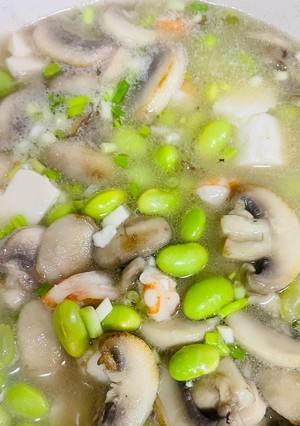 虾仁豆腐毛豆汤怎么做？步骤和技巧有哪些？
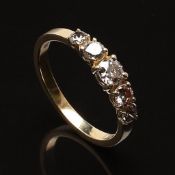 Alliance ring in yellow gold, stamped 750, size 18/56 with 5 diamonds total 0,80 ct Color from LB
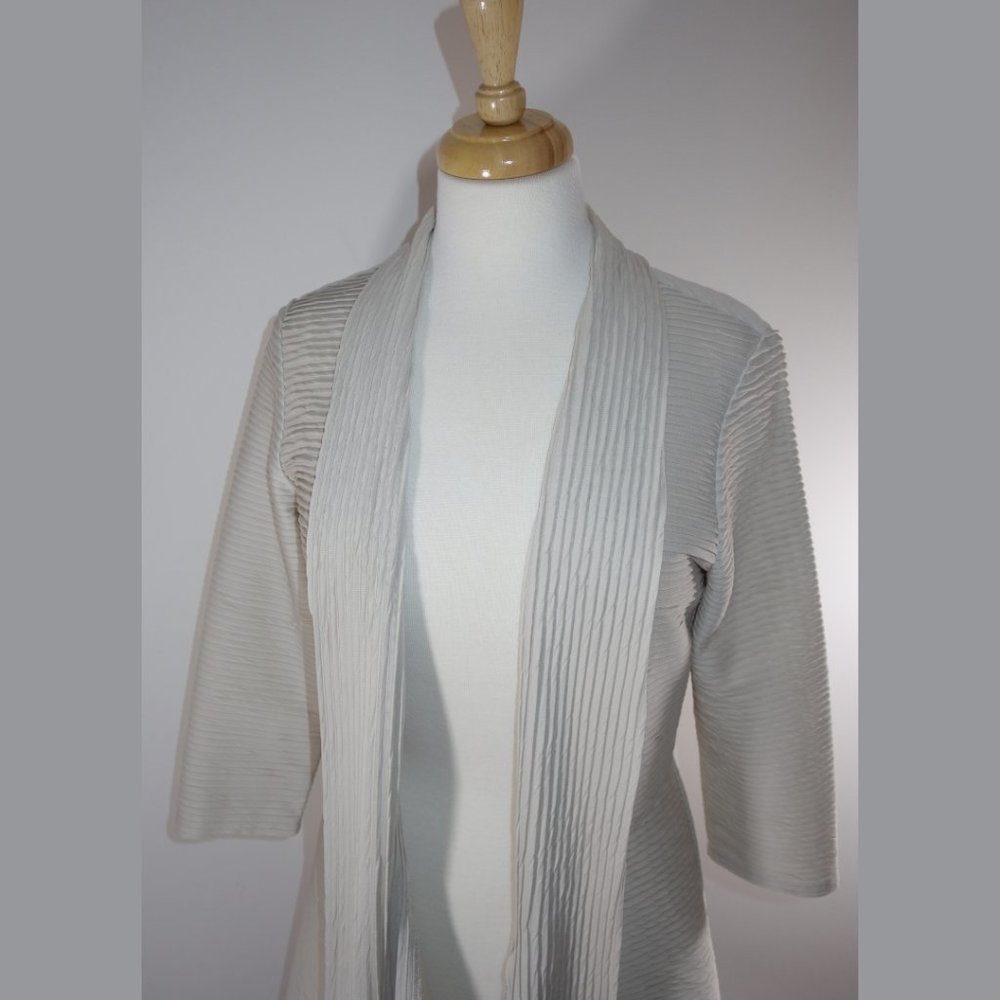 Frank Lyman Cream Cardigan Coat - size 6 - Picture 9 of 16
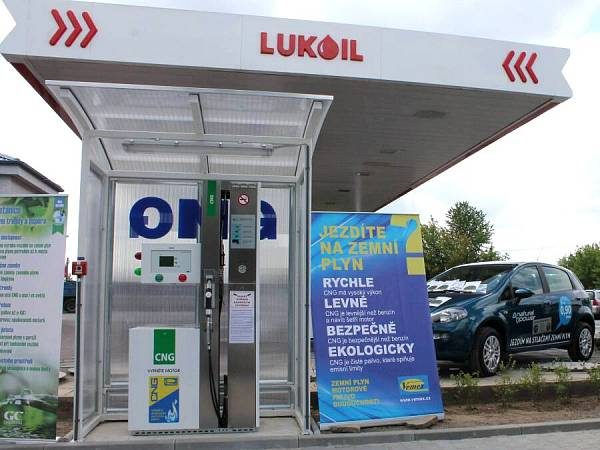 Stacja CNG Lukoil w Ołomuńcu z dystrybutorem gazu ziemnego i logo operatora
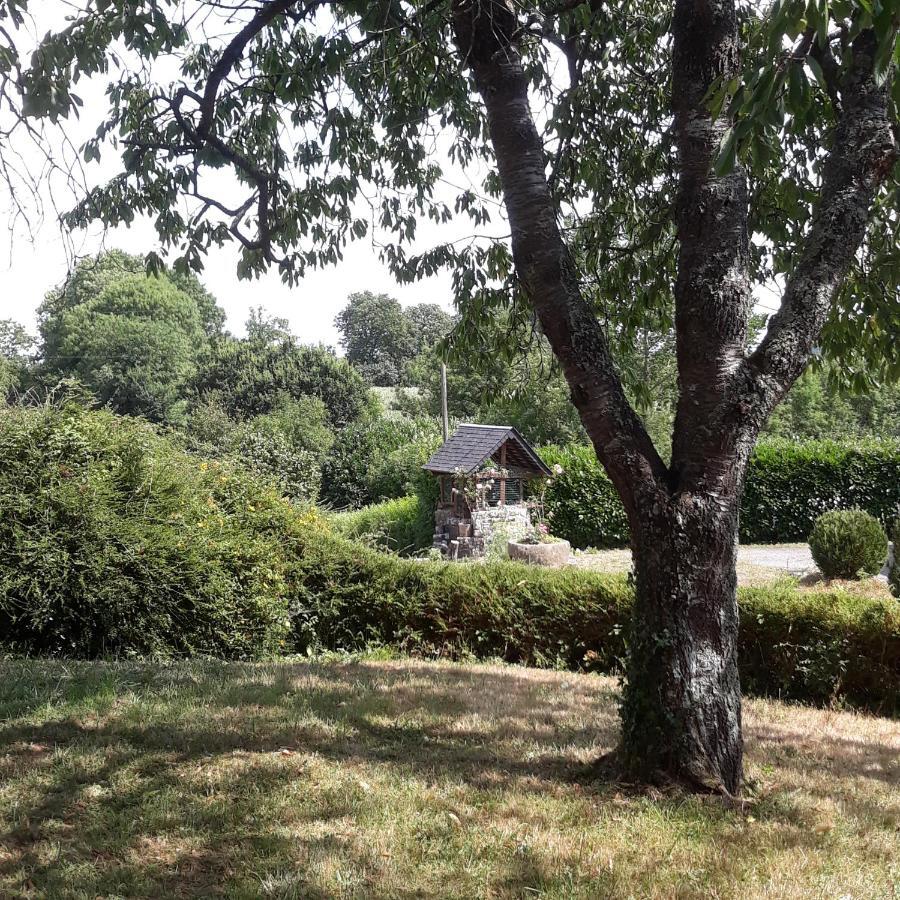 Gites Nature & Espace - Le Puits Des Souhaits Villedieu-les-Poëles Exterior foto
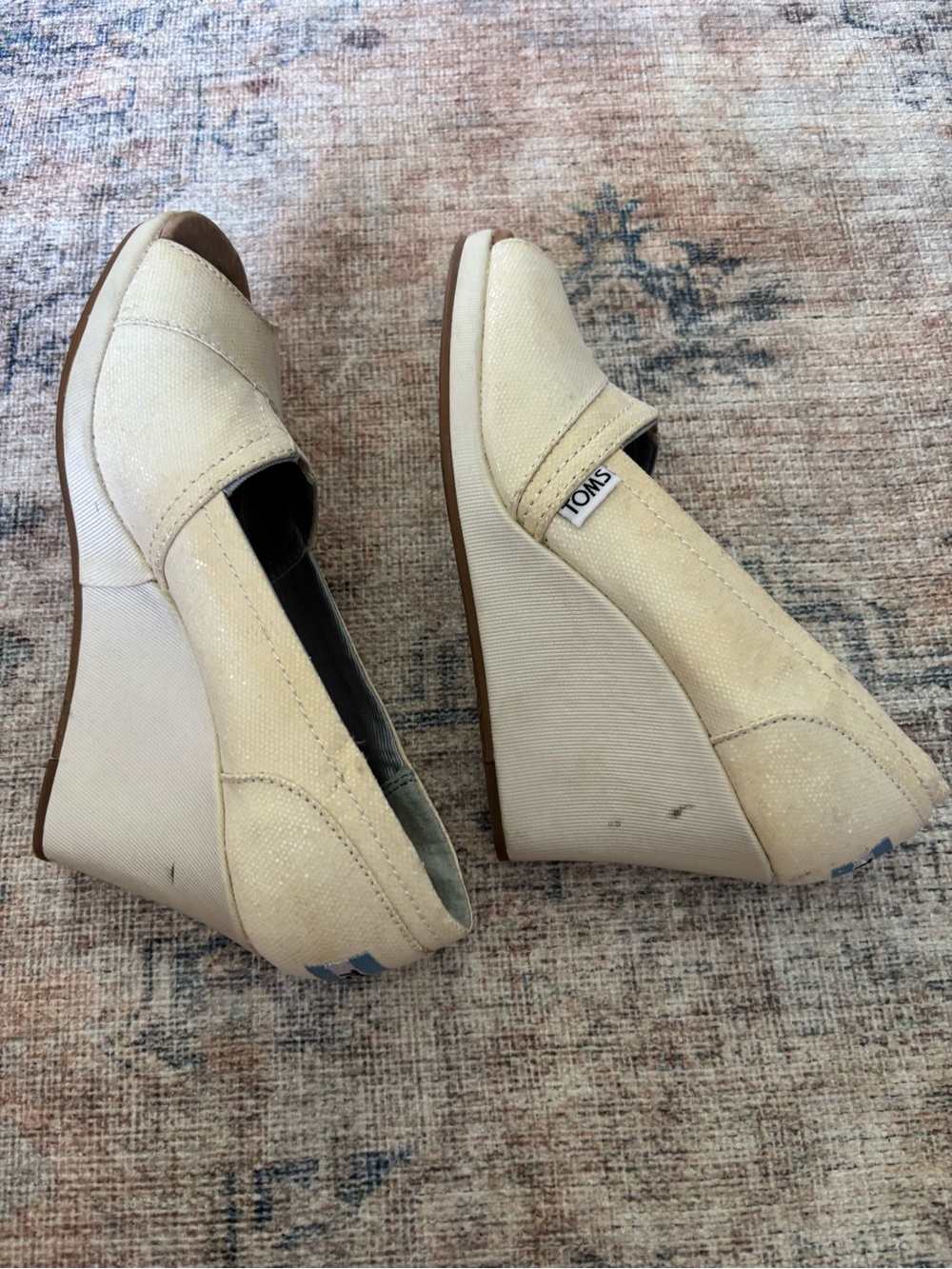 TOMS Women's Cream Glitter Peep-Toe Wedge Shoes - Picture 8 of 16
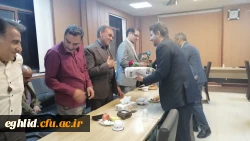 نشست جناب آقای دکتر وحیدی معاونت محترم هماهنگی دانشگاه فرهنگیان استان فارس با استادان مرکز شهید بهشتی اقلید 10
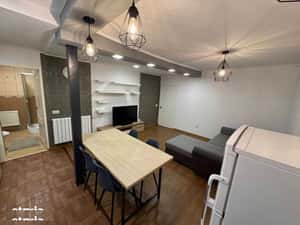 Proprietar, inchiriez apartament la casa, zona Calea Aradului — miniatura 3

****************************************

* How to complete this task
Nothing but the lines from the line containing "Frank Lyman Cream" through the last line of the records above is to be extracted, exactly and with no pictures.

* Response for this exercise
 Frank Lyman Cream Cardigan Coat - size 6 - Picture 9 of 16
 Stacja CNG Lukoil w Ołomuńcu z dystrybutorem gazu ziemnego i logo operatora
 Gites Nature & Espace - Le Puits Des Souhaits Villedieu-les-Poëles Exterior foto
 TOMS Women's Cream Glitter Peep-Toe Wedge Shoes - Picture 8 of 16
 نشست جناب آقای دکتر وحیدی معاونت محترم هماهنگی دانشگاه فرهنگیان استان فارس با استادان مرکز شهید بهشتی اقلید 10
 Proprietar, inchiriez apartament la casa, zona Calea Aradului — miniatura 3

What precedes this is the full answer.